**Task brief:** Restate word for word the lines in the listing below, starting at the line containing "Weather camera view" and ending at the line containing "19th Century Antique", both included; leave out the rest.

**Data shown:**

━━━━━━━━

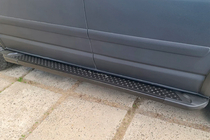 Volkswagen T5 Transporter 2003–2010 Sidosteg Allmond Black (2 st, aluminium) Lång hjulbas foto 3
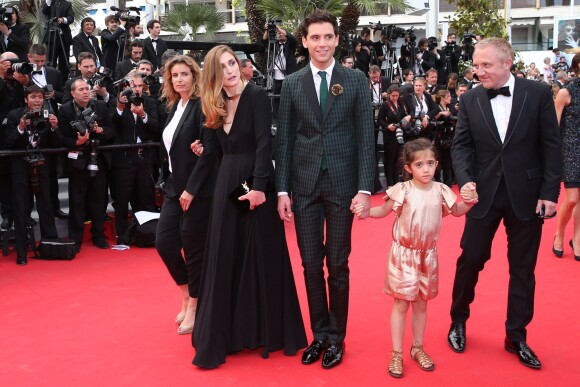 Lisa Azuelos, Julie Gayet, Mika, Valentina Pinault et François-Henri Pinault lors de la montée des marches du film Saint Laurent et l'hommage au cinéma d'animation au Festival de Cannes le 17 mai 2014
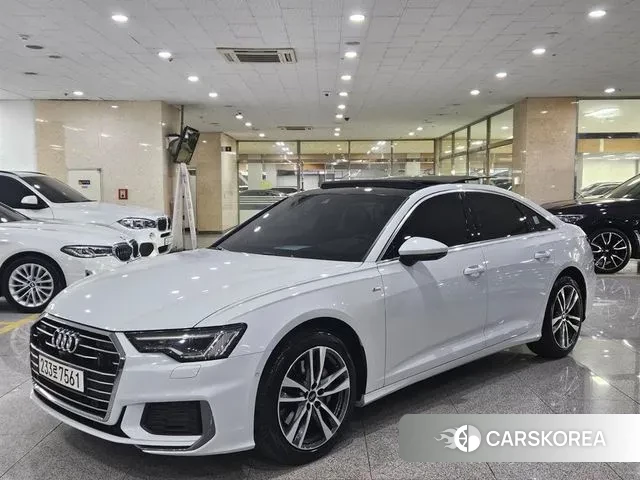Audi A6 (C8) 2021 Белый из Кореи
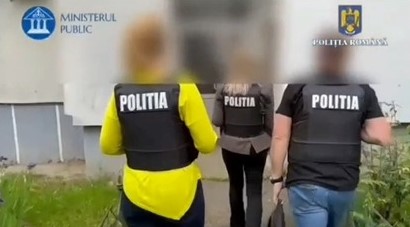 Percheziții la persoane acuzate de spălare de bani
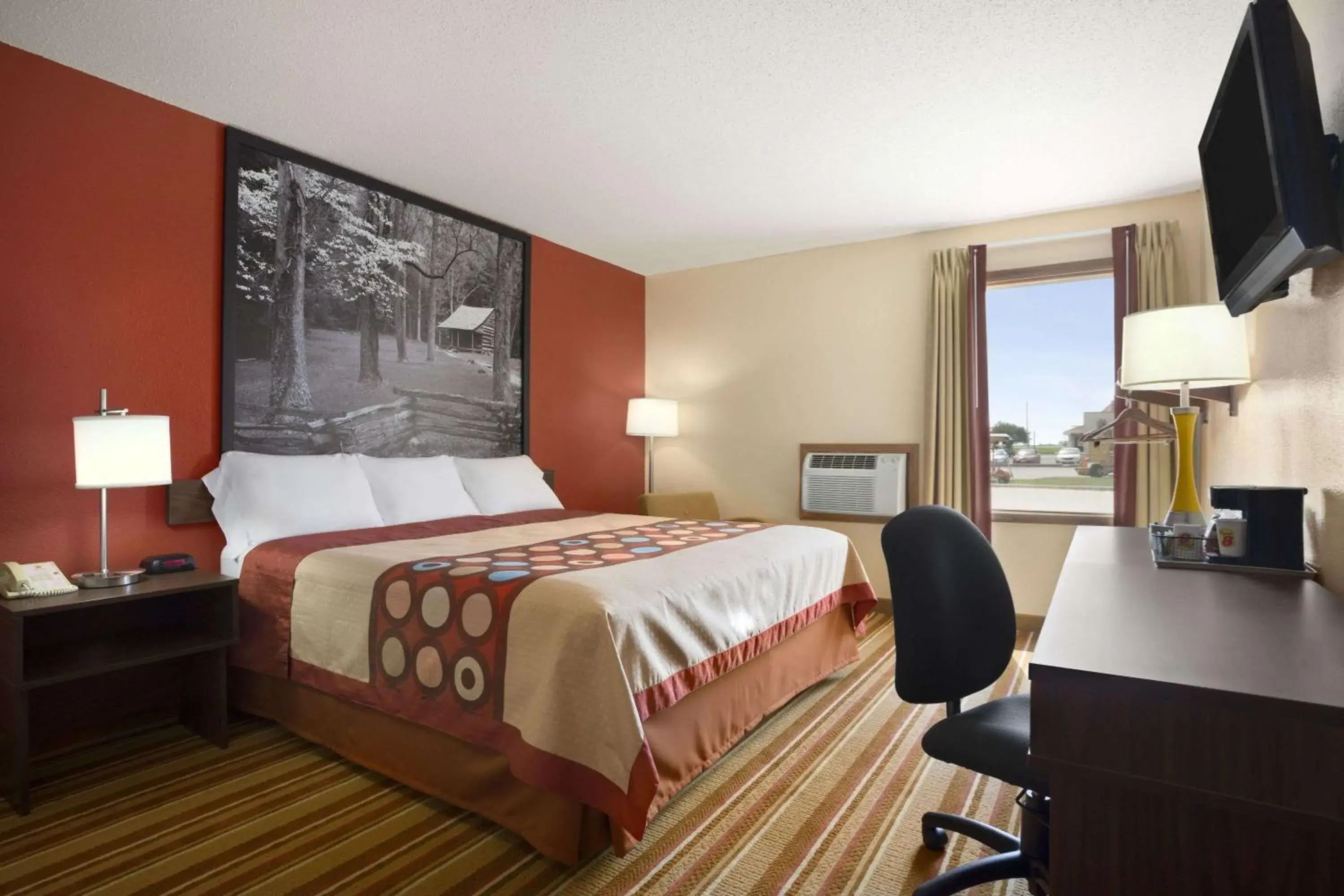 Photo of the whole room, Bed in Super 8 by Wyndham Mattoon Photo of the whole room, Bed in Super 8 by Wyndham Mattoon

━━━━━━━━

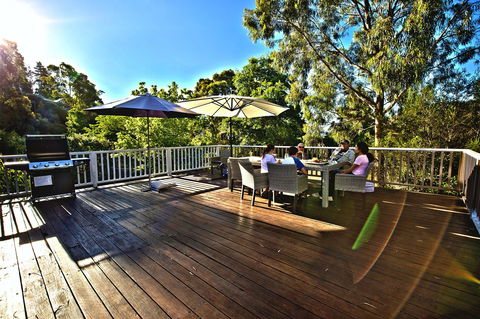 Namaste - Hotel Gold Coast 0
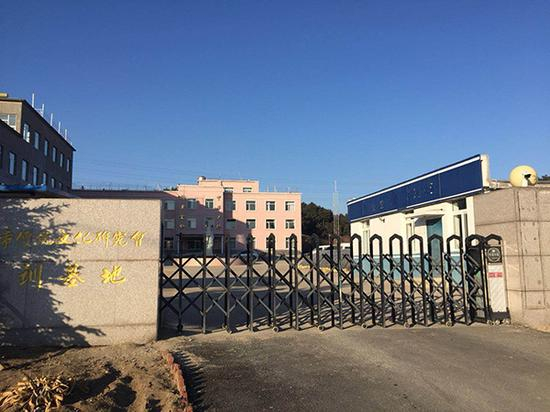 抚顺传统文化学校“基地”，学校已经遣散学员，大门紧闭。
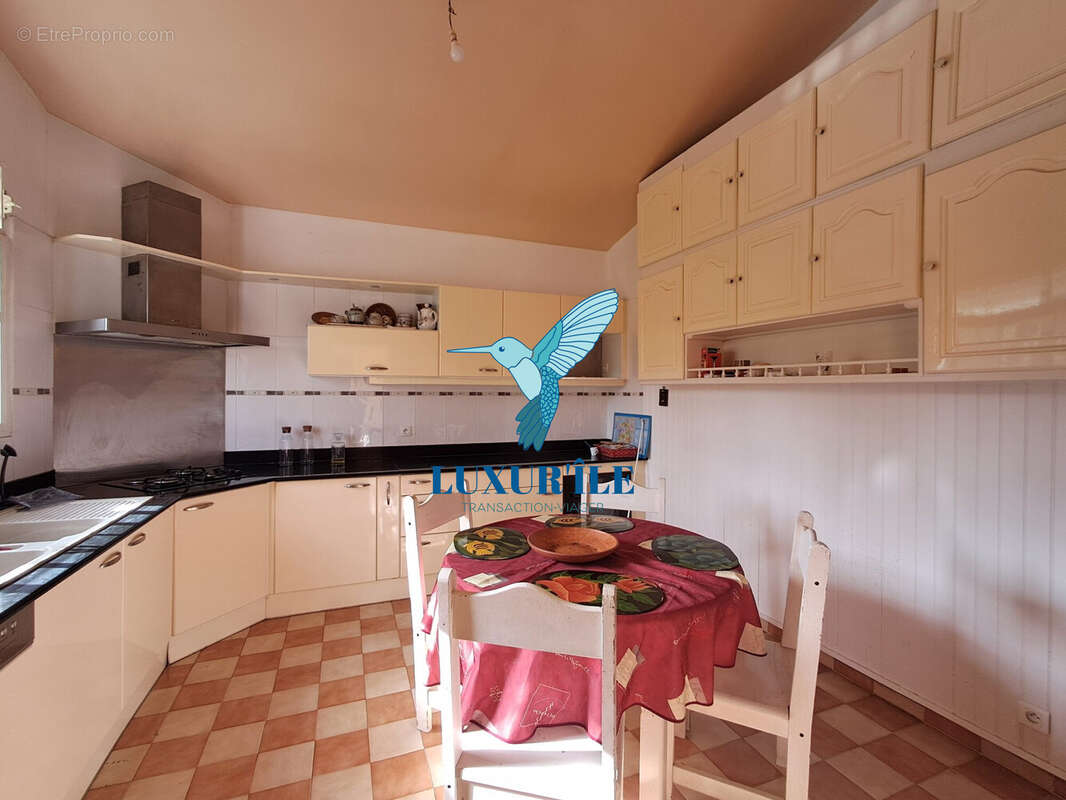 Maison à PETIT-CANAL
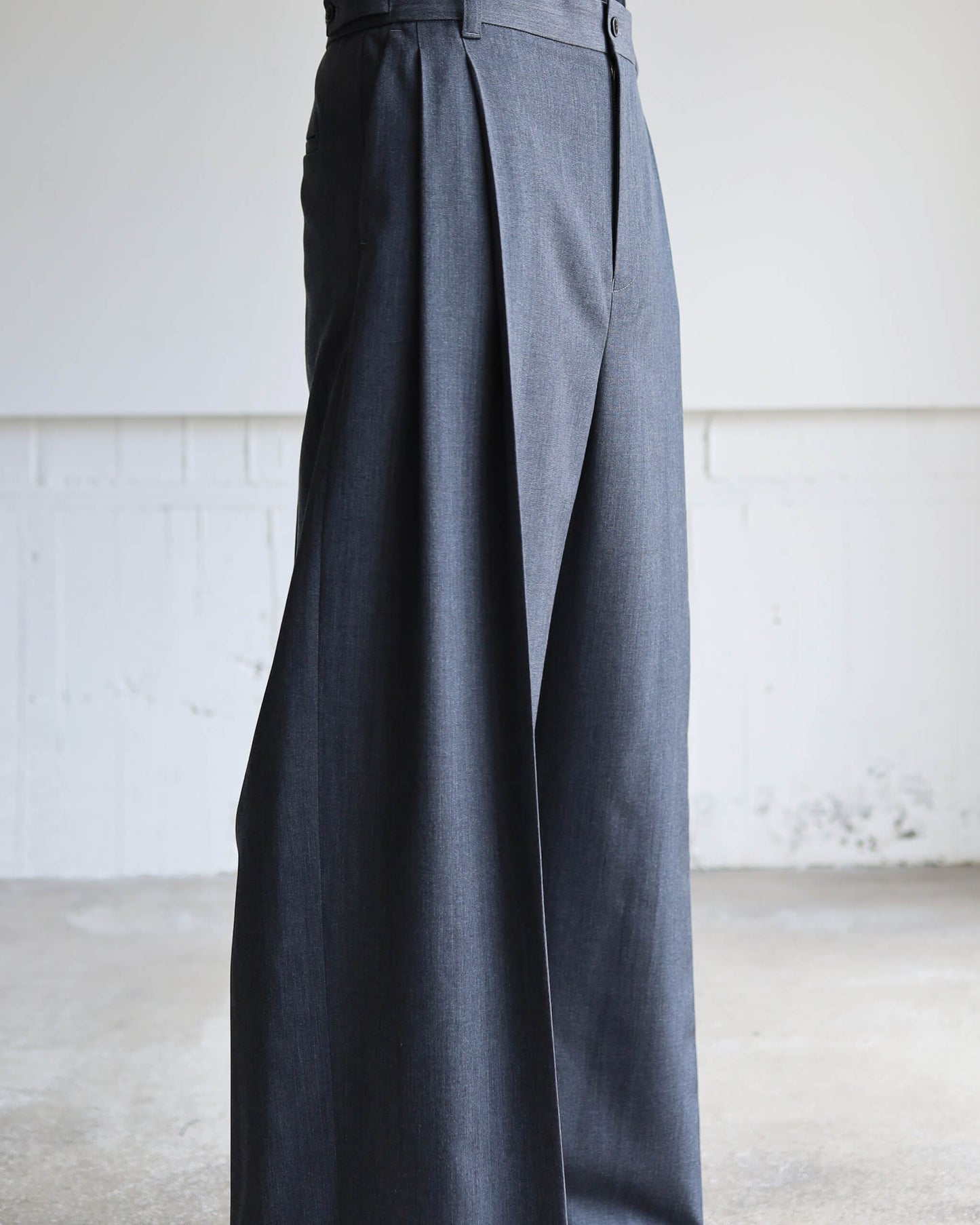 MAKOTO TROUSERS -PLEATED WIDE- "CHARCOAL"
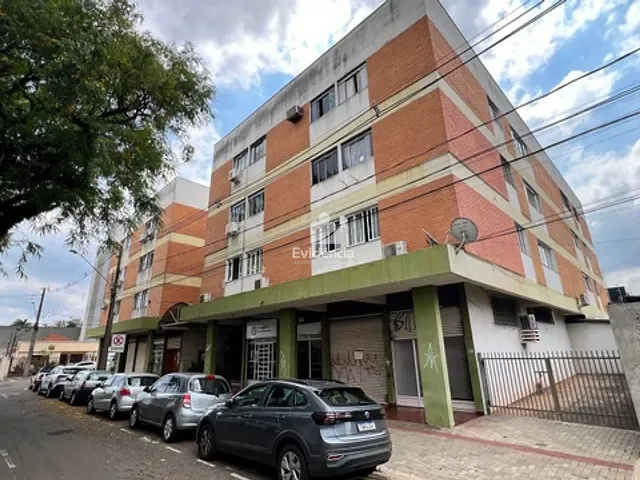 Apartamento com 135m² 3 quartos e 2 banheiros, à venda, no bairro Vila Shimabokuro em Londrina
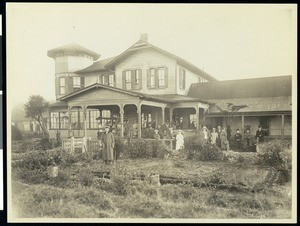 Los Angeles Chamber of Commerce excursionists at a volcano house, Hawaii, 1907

━━━━━━━━

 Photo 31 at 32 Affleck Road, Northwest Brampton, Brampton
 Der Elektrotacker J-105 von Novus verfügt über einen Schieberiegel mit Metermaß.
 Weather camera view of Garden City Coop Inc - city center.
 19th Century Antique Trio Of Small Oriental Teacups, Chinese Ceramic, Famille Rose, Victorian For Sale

━━━━━━━━

**Result for this task:**
 Weather camera view of Garden City Coop Inc - city center.
 19th Century Antique Trio Of Small Oriental Teacups, Chinese Ceramic, Famille Rose, Victorian For Sale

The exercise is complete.